→ Extracted records
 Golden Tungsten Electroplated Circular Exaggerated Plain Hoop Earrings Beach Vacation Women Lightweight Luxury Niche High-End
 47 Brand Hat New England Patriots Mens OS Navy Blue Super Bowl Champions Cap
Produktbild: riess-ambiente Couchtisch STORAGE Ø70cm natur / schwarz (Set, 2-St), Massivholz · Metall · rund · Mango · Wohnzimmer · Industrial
==
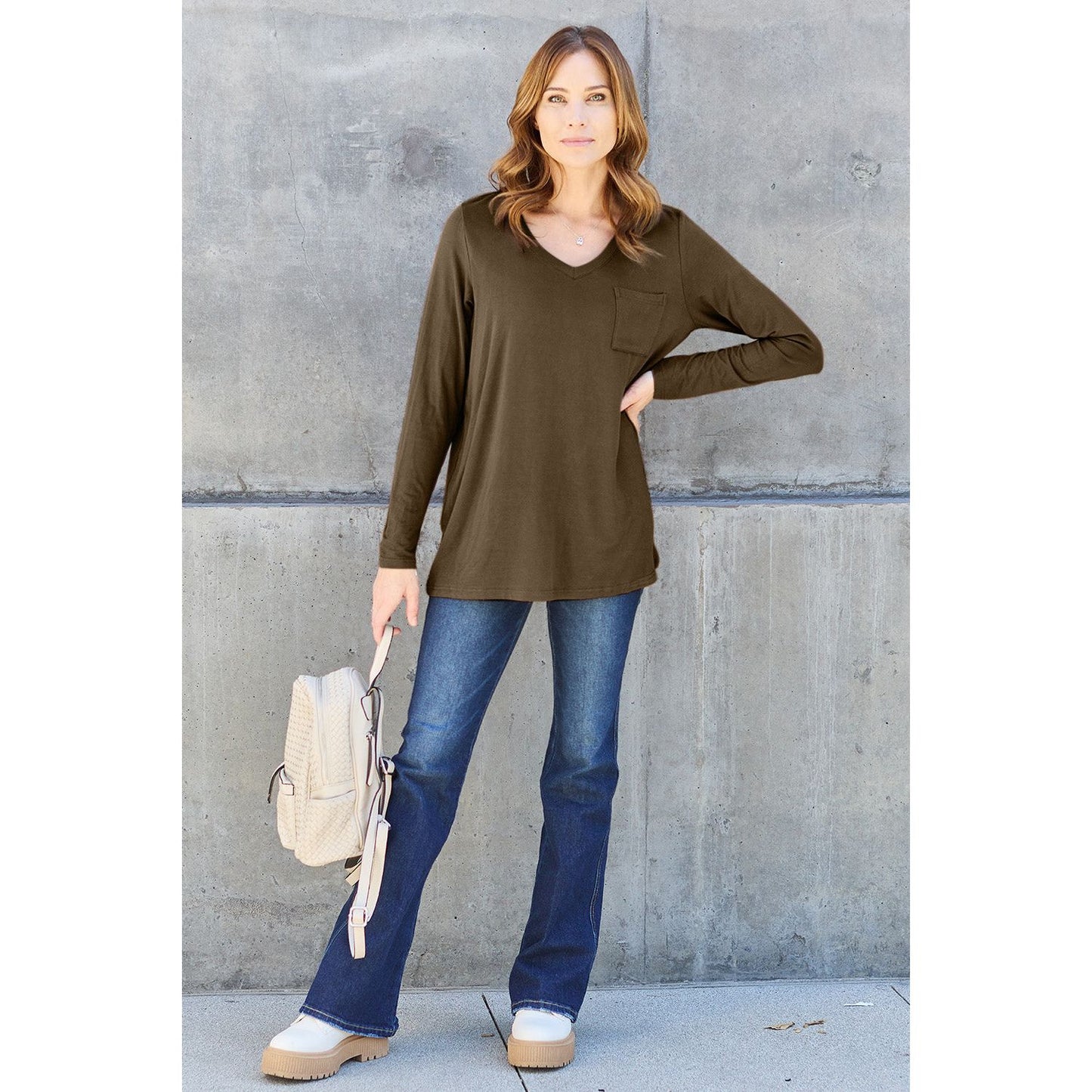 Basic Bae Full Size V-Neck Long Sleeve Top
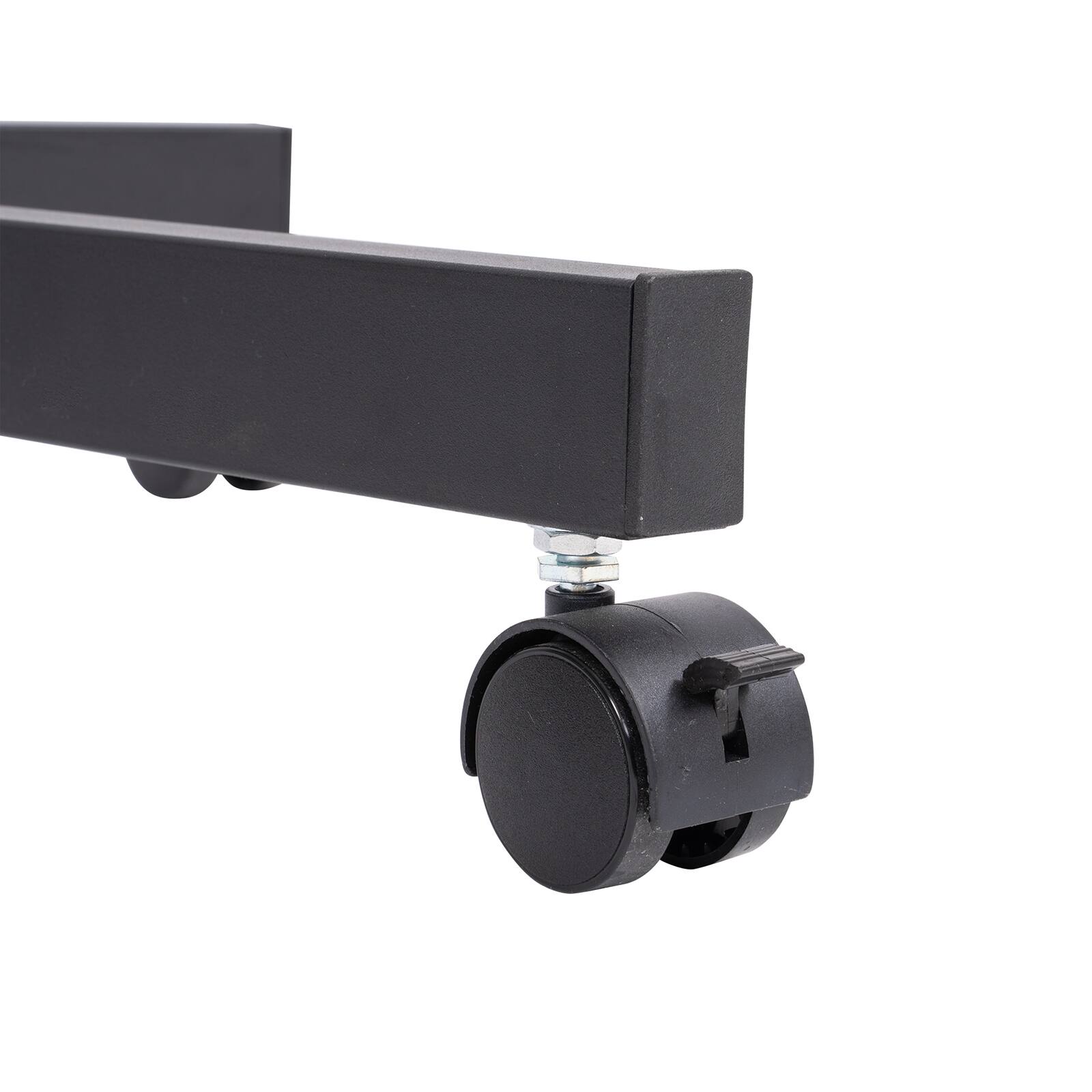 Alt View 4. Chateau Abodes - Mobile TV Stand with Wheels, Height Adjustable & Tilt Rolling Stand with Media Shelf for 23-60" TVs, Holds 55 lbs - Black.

→ Description of the task
Starting with the line with "Golden Tungsten Electroplated" above and going on through the line with "47 Brand Hat", transcribe every line exactly, both ends included, and add nothing.

→ Task output
 Golden Tungsten Electroplated Circular Exaggerated Plain Hoop Earrings Beach Vacation Women Lightweight Luxury Niche High-End
 47 Brand Hat New England Patriots Mens OS Navy Blue Super Bowl Champions Cap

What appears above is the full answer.